- **THE DATA**
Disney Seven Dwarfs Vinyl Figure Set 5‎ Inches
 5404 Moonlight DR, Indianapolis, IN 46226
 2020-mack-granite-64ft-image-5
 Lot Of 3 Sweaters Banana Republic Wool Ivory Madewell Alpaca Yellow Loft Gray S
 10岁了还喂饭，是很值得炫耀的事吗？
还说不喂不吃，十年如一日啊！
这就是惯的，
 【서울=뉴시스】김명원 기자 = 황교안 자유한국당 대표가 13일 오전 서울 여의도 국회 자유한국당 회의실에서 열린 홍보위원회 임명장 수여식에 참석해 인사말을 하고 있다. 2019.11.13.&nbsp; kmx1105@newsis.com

- **EXERCISE**
Set out the complete listing exactly as shown.

- **RESPONSE FOR THIS EXERCISE**
Disney Seven Dwarfs Vinyl Figure Set 5‎ Inches
 5404 Moonlight DR, Indianapolis, IN 46226
 2020-mack-granite-64ft-image-5
 Lot Of 3 Sweaters Banana Republic Wool Ivory Madewell Alpaca Yellow Loft Gray S
 10岁了还喂饭，是很值得炫耀的事吗？
还说不喂不吃，十年如一日啊！
这就是惯的，
 【서울=뉴시스】김명원 기자 = 황교안 자유한국당 대표가 13일 오전 서울 여의도 국회 자유한국당 회의실에서 열린 홍보위원회 임명장 수여식에 참석해 인사말을 하고 있다. 2019.11.13.&nbsp; kmx1105@newsis.com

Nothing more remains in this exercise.